(Excerpted records begins)

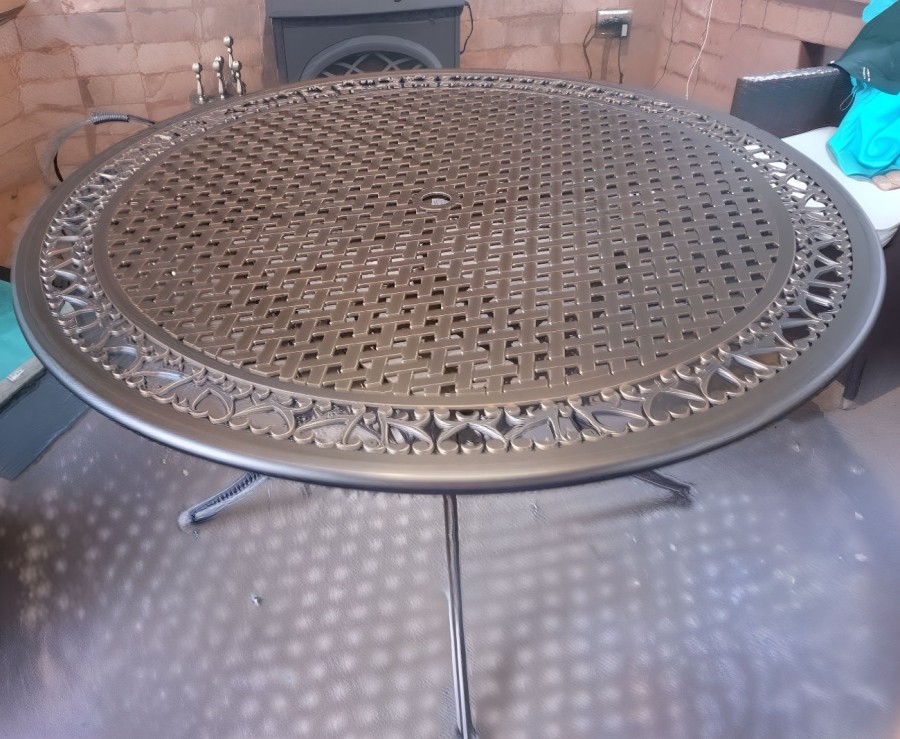 Комплект мебели из литого алюминия Sardinia 6 Кит Маркет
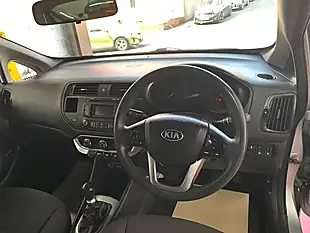 Used 2013 Kia Rio 1 Silver - Interior and Exterior details 14
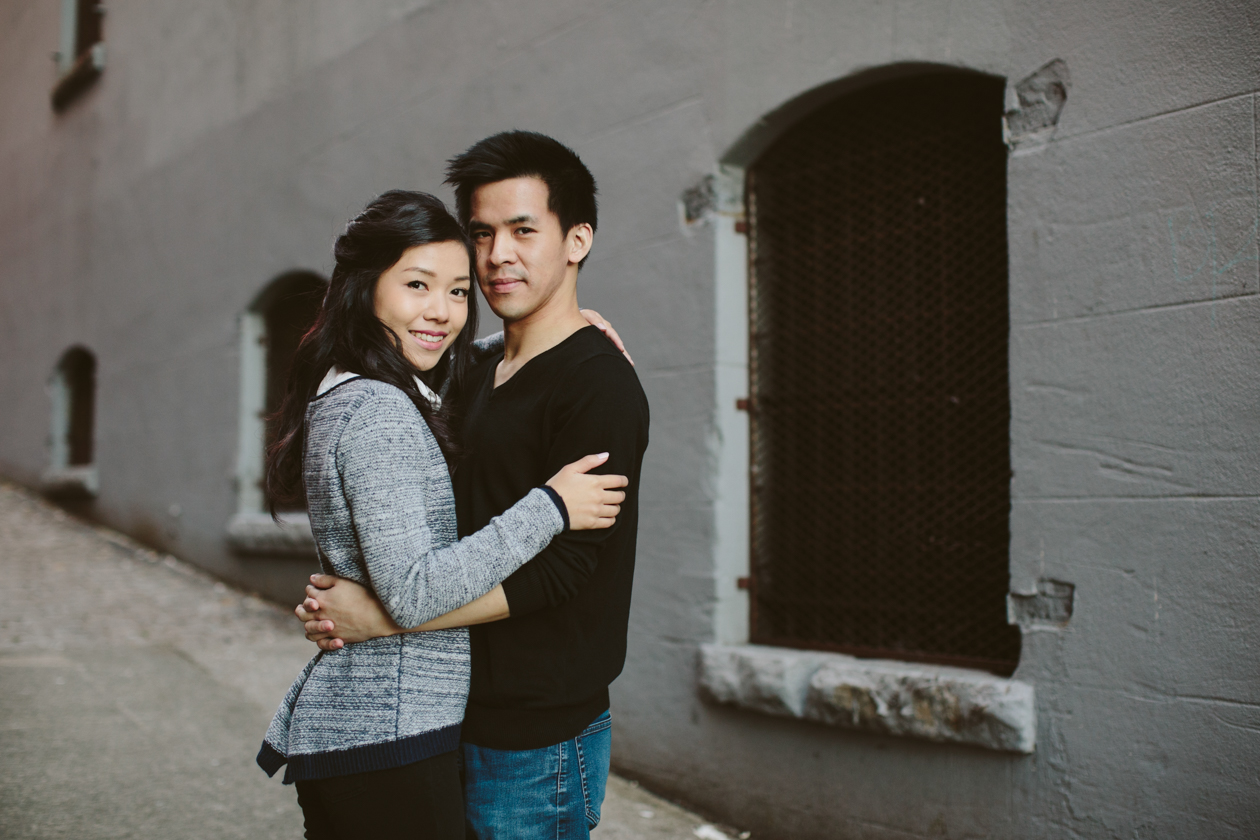 Gastown Engagement Photos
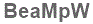 The text to enter in the texbox below is: BeaMpW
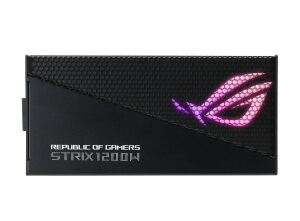 ASUS ROG STRIX 1200W Gold Aura Edition Netzteil 20+4 pin ATX ATX Schwarz
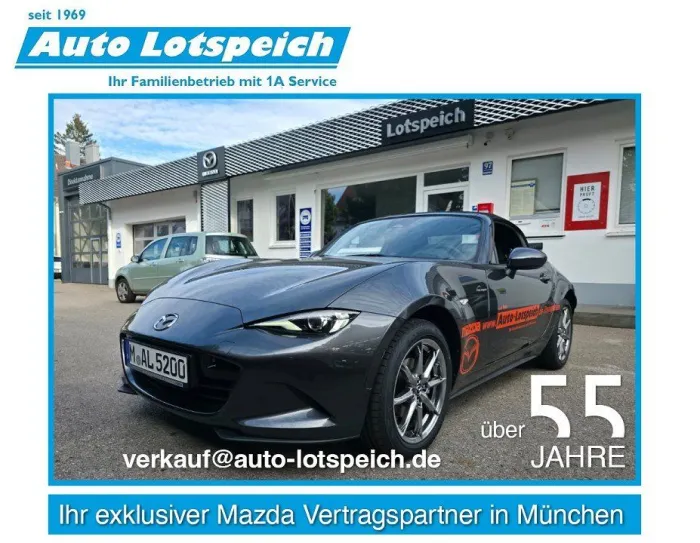 Mazda MX-5 1.5L SKYACTIV-G (132 hp) MX-5 Exclusive,Rüc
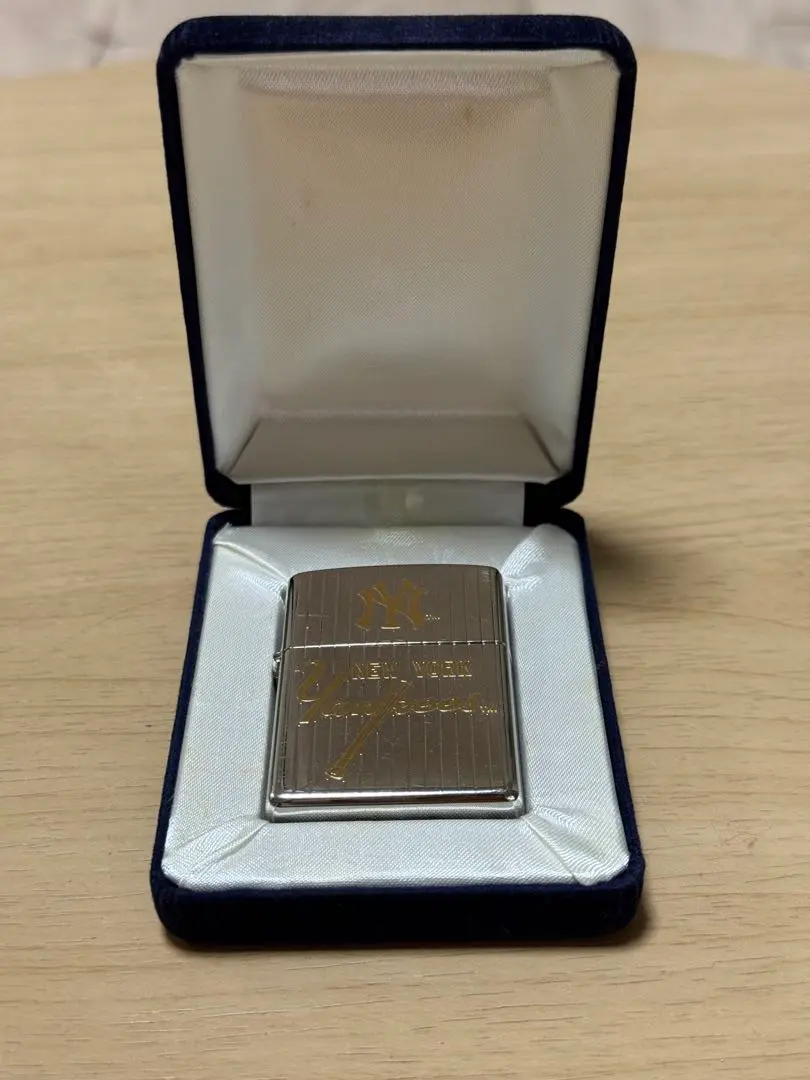 お値下げしました。新品zippo松井秀喜ライター（シリアル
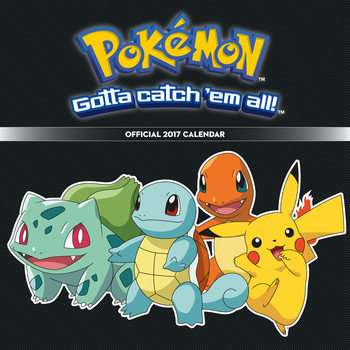 Kalendar 2027 Pokemon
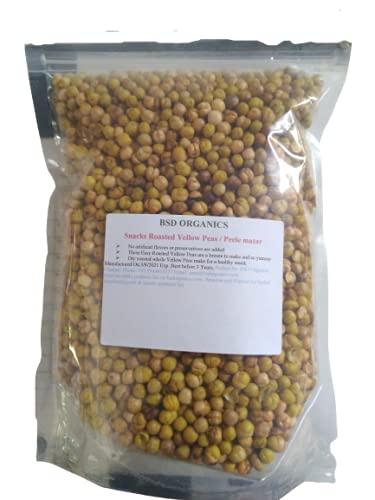 BSD Organics BSD Organics Snacks Roasted Yellow Peas / Peele matar / Mancal Pattani - 5 Kilogram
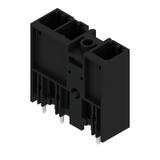 SV 7.62HP/03/180MF3 3.5SN BK BX Wtyki PCB (złącza płyty), 7.62 mm, Liczba biegunów: 3, kąt odejścia: 180° /60szt./ 1048420000 WEIDMÜLLER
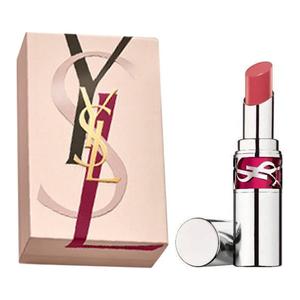 Guerlain Glossy Stain Помада для губ с глянцевым эффектом и осветляющим комплексом Natural 3,2г SAINT LAURENT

(Excerpted records ends)

▶ **Assigned task**
What you write must match, line for line, the records from the line containing "Used 2013 Kia" through the last line, with every picture left out.

▶ **Exercise result**
 Used 2013 Kia Rio 1 Silver - Interior and Exterior details 14
 Gastown Engagement Photos
 The text to enter in the texbox below is: BeaMpW
 ASUS ROG STRIX 1200W Gold Aura Edition Netzteil 20+4 pin ATX ATX Schwarz
 Mazda MX-5 1.5L SKYACTIV-G (132 hp) MX-5 Exclusive,Rüc
 お値下げしました。新品zippo松井秀喜ライター（シリアル
 Kalendar 2027 Pokemon
 BSD Organics BSD Organics Snacks Roasted Yellow Peas / Peele matar / Mancal Pattani - 5 Kilogram
 SV 7.62HP/03/180MF3 3.5SN BK BX Wtyki PCB (złącza płyty), 7.62 mm, Liczba biegunów: 3, kąt odejścia: 180° /60szt./ 1048420000 WEIDMÜLLER
 Guerlain Glossy Stain Помада для губ с глянцевым эффектом и осветляющим комплексом Natural 3,2г SAINT LAURENT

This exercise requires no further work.